He had been careful with her, kinder than she’d expected. That alone disarmed her, made her doubt her instincts, as if mistrust were some childish habit she ought to have outgrown by now.

So she told herself she was overreacting. It was nothing.

And she wanted to believe it in spite of that unease that flickered in her gut. He had not been the monster she expected. So she let herself accept his touches, his quiet corrections, even the weight of his hand pressing low at her spine.

It was easier this way. He was all she had.

By the time Petyr said they would leave for the Eyrie, her voice bent to the Riverland sounds, her hands roughened by lye and steady on a cleaver. She looked in the mirror and almost believed she was the girl he had made.

 

They said goodbye to the servants, the woman pressing a bundle of food into her hands, the man ducking his head with a stiffness that almost passed for fondness. Then the hall was behind them, shrinking against the sea, the stones settling back into their silence as if they had never been disturbed. The Fingers would go on as they always had, wind-beaten and narrow, forgetting her as easily as they had forgotten the lords before.

The boat carried them across the grey chop, then there was land again, softer country that gave way to hills.
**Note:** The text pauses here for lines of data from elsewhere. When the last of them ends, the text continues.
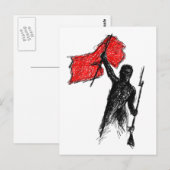 Revolutionär! Postkarte (Vorne/Hinten)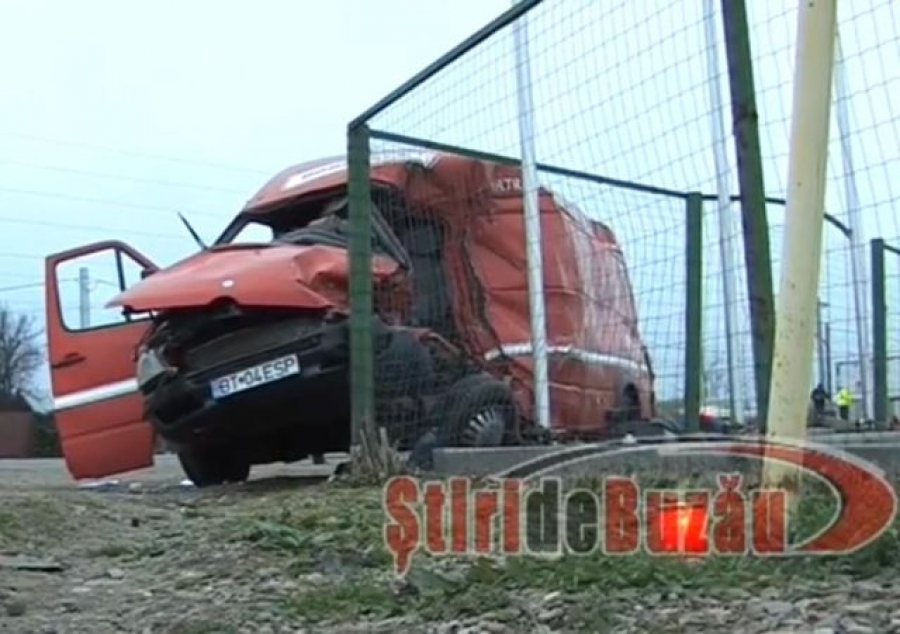 accident pan moris buzau  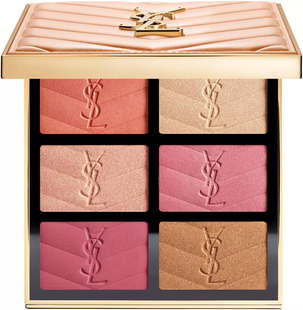 Палетка для обличчя Yves Saint Laurent YSL Golden Oasis Face Palette  559-59i фото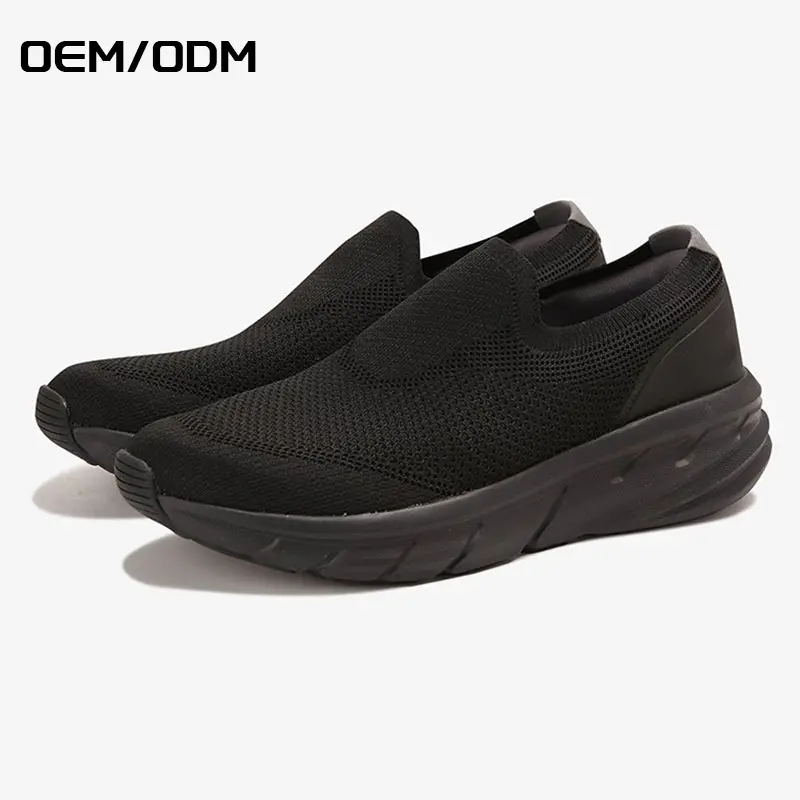 Custom Made men sport casual shoes Popular fashion comfortable Men Outdoor Sneakers Shockproof Anti-slip Sport Casual Shoes Featured Image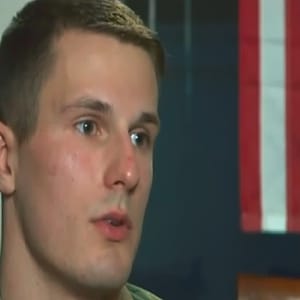 amtrak crash soldier
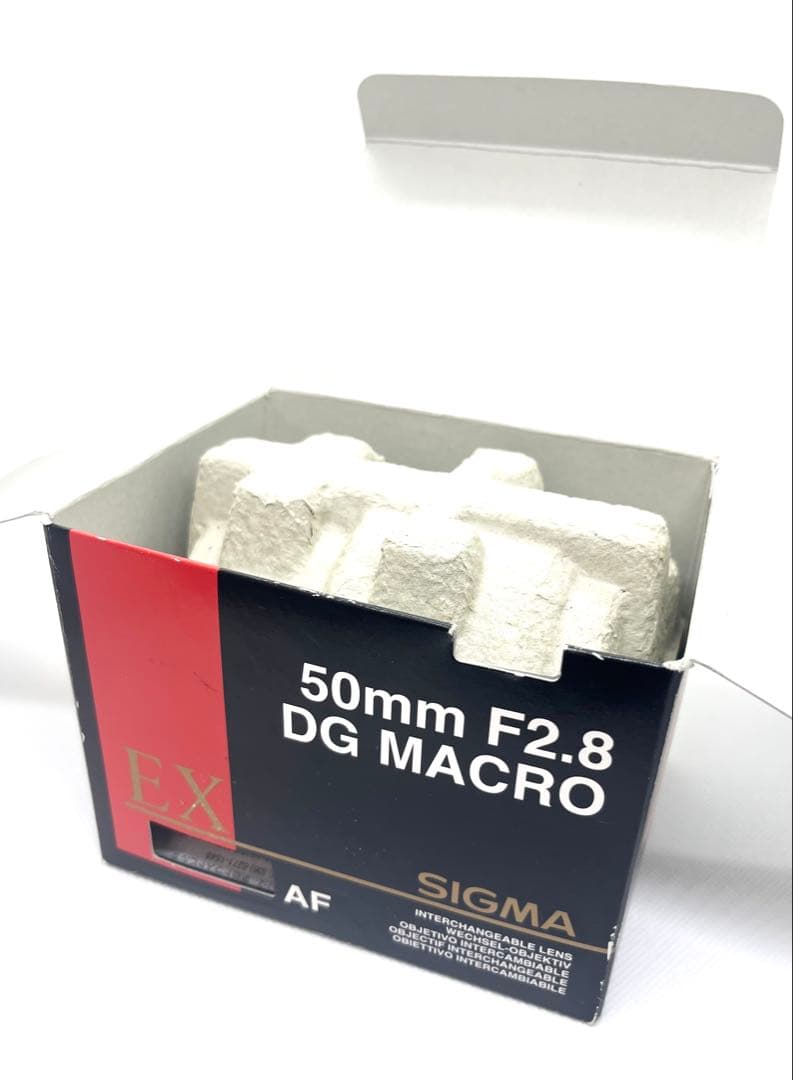 SIGMA 単焦点マクロレンズ 50mm F2.8 DG MACRO シグマ用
They rode from there, Petyr arranging the horses and cart as if he had done it all his life. The road curled through the Vale, sharp cliffs on one side, deep green valleys on the other. Sansa kept her hood drawn and her eyes down, though her heart stayed high in her throat. Every turn felt as if it must end in a sheer drop. Every passerby seemed to look too long.

Petyr talked as they rode, light words that touched on nothing, stories of market prices, old quarrels, names she half-knew from her mother’s telling. His wry smile made it seem as if he spoke only for her, as if the stories belonged to them alone. She knew better, yet when he spoke of her mother at her own age she still smiled back, shy and uncertain. Harmless talk, meant to comfort her.

But the warmth it stirred carried a weight in her chest, and the flutter low in her stomach felt too much like the same restless knot she had tried to ignore before.

She pushed it aside, smiling through his next tale. It was nothing, she told herself. Only nerves. Only the strain of travel and the road.

The higher they climbed, the tighter her chest drew. The air thinned, sharp in her lungs, and each turn in the road showed her another peak rising pale and cold against the sky. She thought of her aunt waiting in those heights, of the blood they shared, of her mother’s face reflected in her own. No dye could hide that if Lysa saw that. What if she saw her mother in her? What if all this work, all the aching hours, fell apart with a single look? What then?

Her hands curled in her lap, fingers stiff.

She startled when his hand closed over hers. Petyr’s palm was warm, his fingers steady, and when he gave them a squeeze it was almost gentle. Almost fatherly. She turned her face but he was already watching her, as if he had been waiting for her to falter.

“You have done well,” he said softly. “So well that no one in the Vale will see aught but Alayne Stone. My daughter. From this day forward, that is all you are."

He lifted her hand and pressed his lips to her open palm, his green-grey eyes holding hers as the warmth lingered.

“You are mine," he said against her palm. A shiver climbed her arm and settled low in her stomach.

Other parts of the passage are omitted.